## Problem to work on
Keep the pictures out, and restate the listing that follows exactly as written.

## Recorded data
== Segment start ==

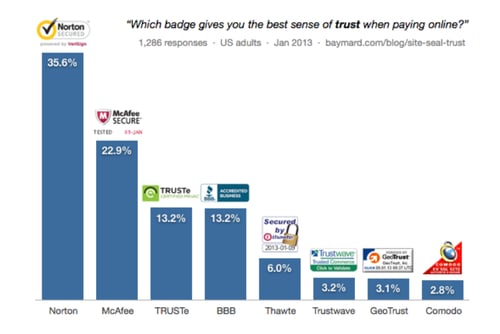 baymard institutes study seal of trust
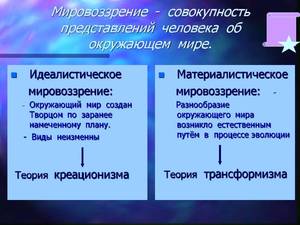 Мировоззрение связано С жизненной позицией людей С убеждениями, идеалами, принципами познания и деятельности С ценностными ориентациями Мировоззрение связано С жизненной позицией людей С убеждениями, идеалами, принципами познания и деятельности и ценностными ориентациями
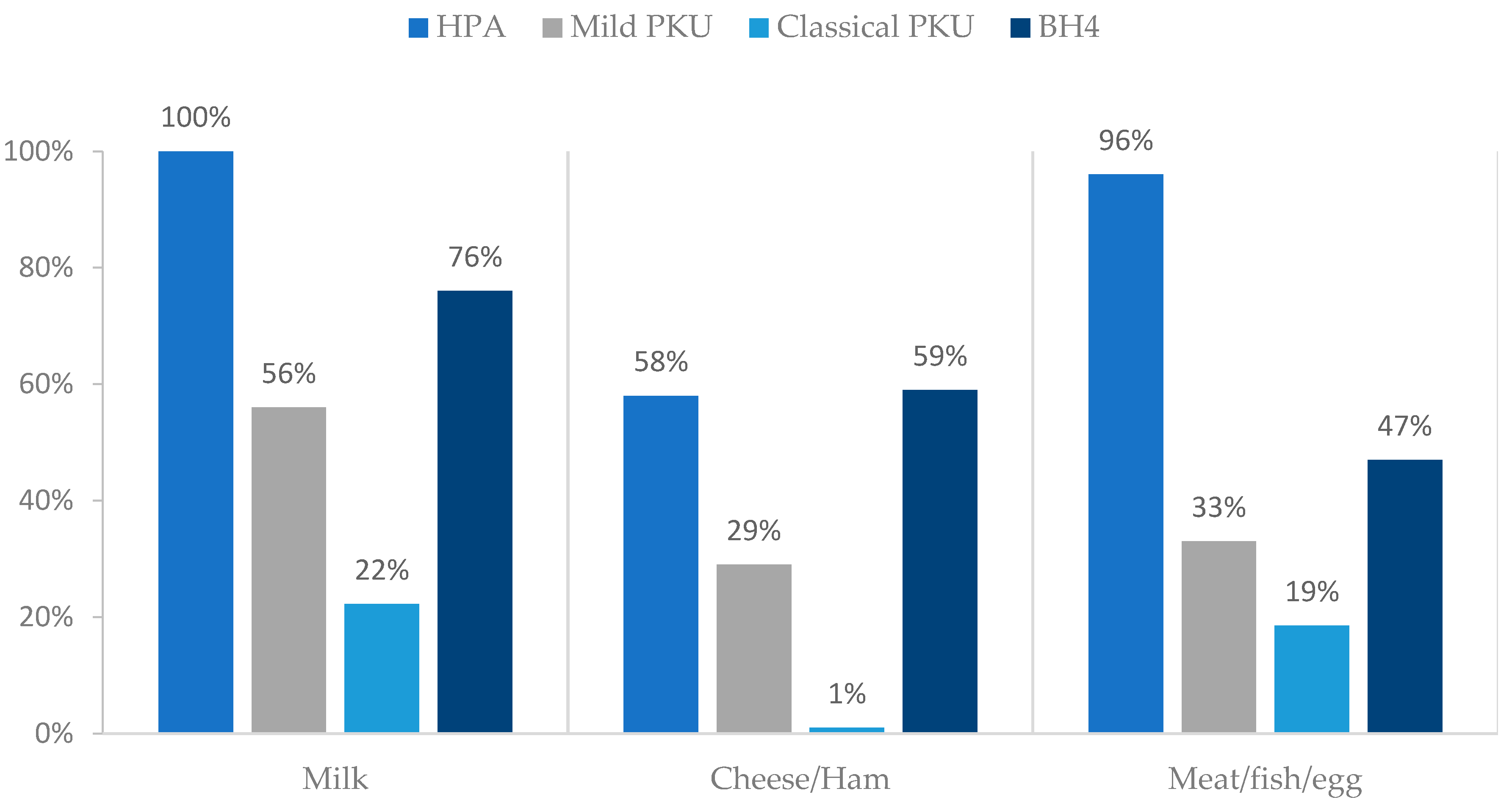 Nutrients 15 04883 g003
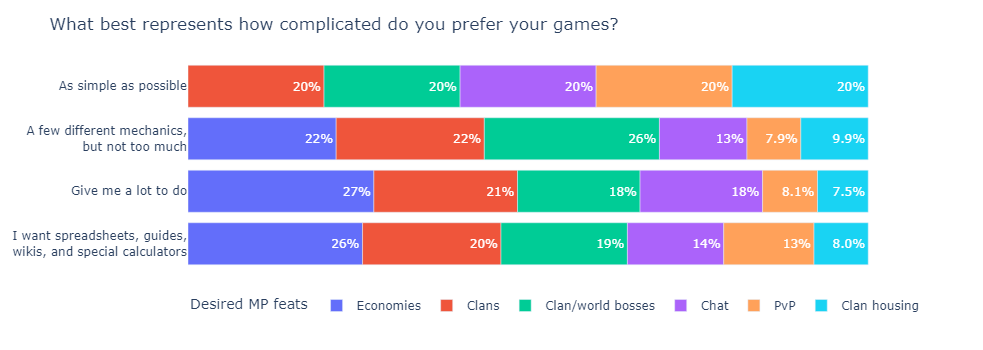 The State of PBBG 2022 Survey Results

== Segment end ==

## Output for this task
 baymard institutes study seal of trust
 Мировоззрение связано С жизненной позицией людей С убеждениями, идеалами, принципами познания и деятельности С ценностными ориентациями Мировоззрение связано С жизненной позицией людей С убеждениями, идеалами, принципами познания и деятельности и ценностными ориентациями
 Nutrients 15 04883 g003
 The State of PBBG 2022 Survey Results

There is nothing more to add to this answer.